Unlike Bitcoin, which uses energy-intensive Proof of Work mining, the XRP Ledger uses a unique Federated Consensus mechanism. Transactions are validated by a network of independent servers called validators, which must reach 80% agreement on transaction order and validity. This process typically settles transactions in 3–5 seconds at a cost of fractions of a cent, compared to Bitcoin's 10-minute confirmation times.
The XRPL supports approximately 1,500 transactions per second, and energy studies show it uses only 0.0079 kWh per transaction – vastly more efficient than proof-of-work networks. Transaction fees are destroyed (burned), gradually reducing the total XRP supply over time.
XRP Use Cases
XRP's primary use cases include: cross-border remittances via RippleNet's On-Demand Liquidity (ODL) corridors; bridge currency for low-liquidity currency pairs on the XRPL's built-in decentralized exchange; DeFi applications including the automated market maker (AMM) module added in 2024; NFTs and asset tokenization; micropayments; and gas fees on the EVM-compatible sidechain launched in 2025.

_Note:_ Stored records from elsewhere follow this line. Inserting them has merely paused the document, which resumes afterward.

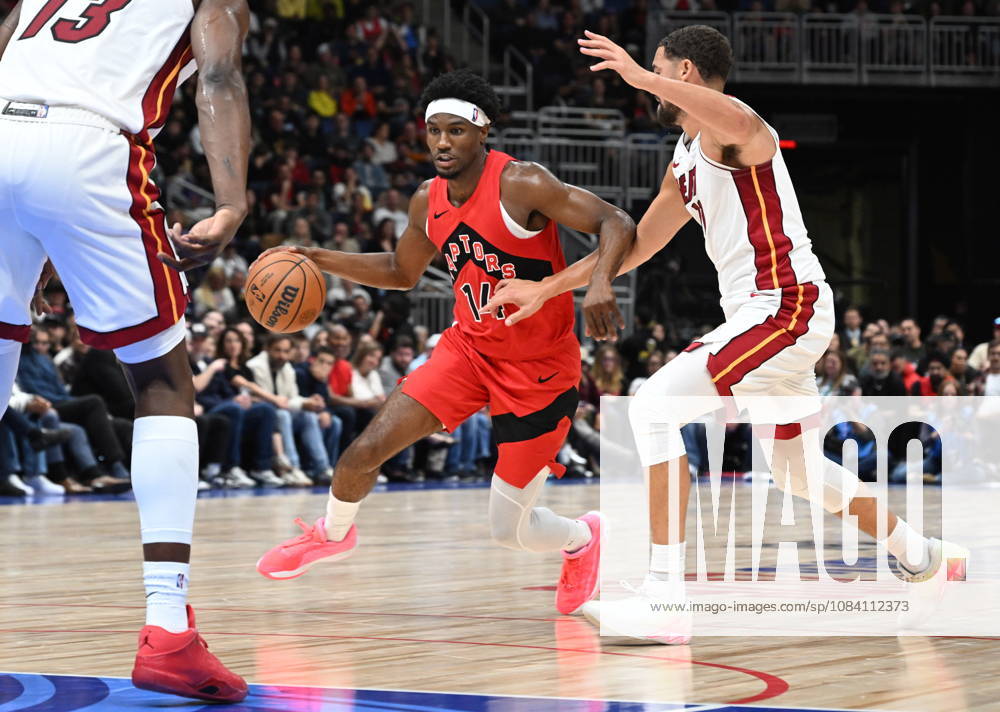 Toronto Raptors JaKobe Walter drives past Miami Heat s Klay Thompson during NBA, Basketball Herren, USA preseason basketball action in Quebec City, Saturday, Oct. 3, 2026. Canada News - October 3, 2026 - ZUMAc35_ 20261003_zaf_c35_139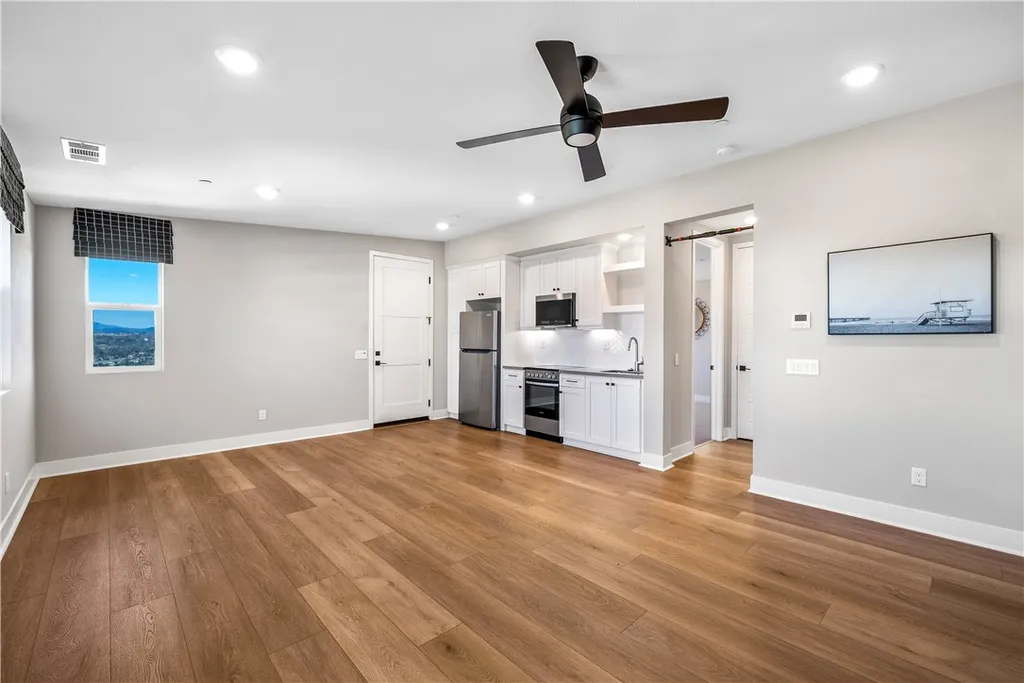 Additional image 43 of 28414 Old Springs Rd, Castaic, CA 91384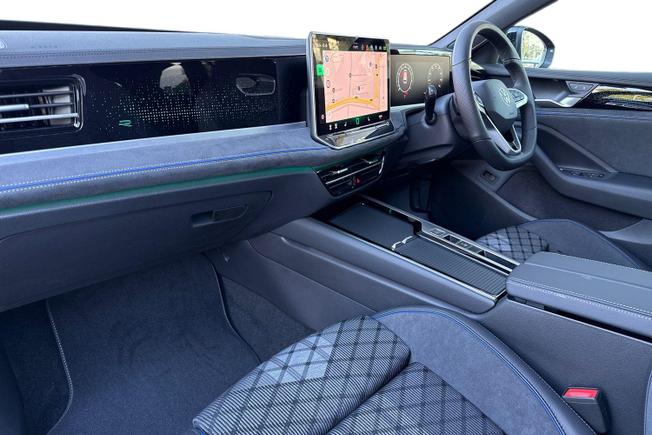 VOLKSWAGEN Passat Photo 2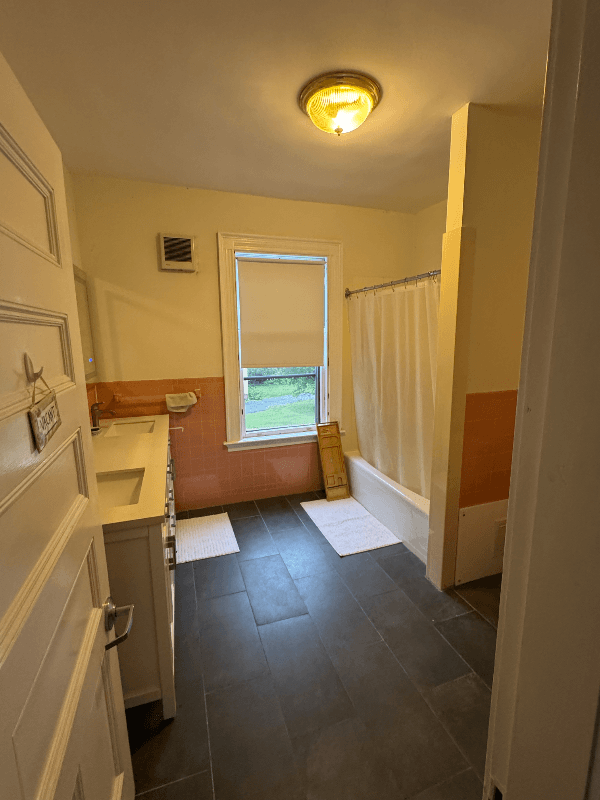 South Hadley Single Room: 79 College St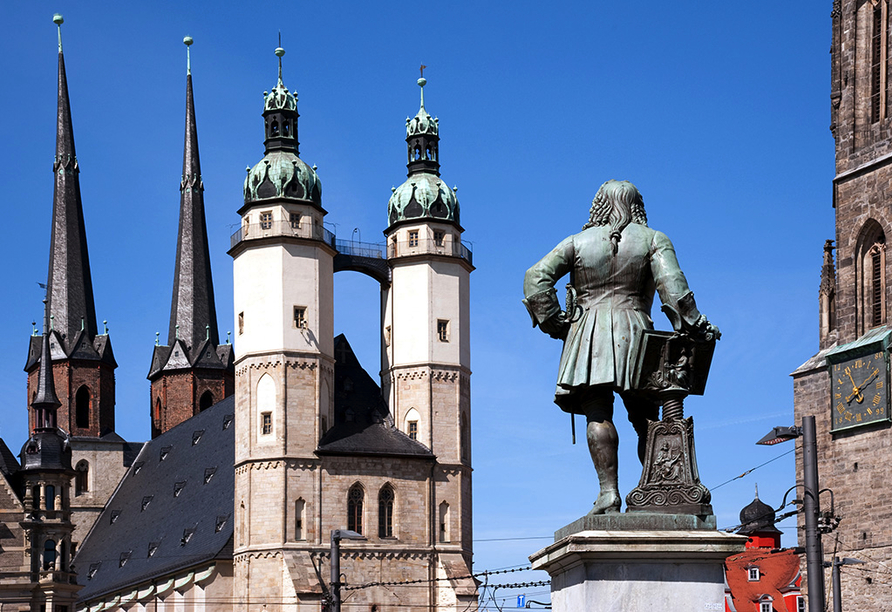 Halle (Saale) ist die Geburtsstadt des berühmten Komponisten Georg Friedrich Händel, weswegen ihm zu Ehren auch ein Denkmal auf dem Marktplatz zu finden ist.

XRP vs Bitcoin vs Ethereum
Unlike Bitcoin (no max use case beyond store of value, 10-min settlements) and Ethereum (general-purpose smart contracts, variable fees), XRP is purpose-built for payments. It has a fixed supply, no mining, near-instant settlement, and negligible transaction fees. These properties make it uniquely suited for institutional payment corridors and real-time gross settlement systems.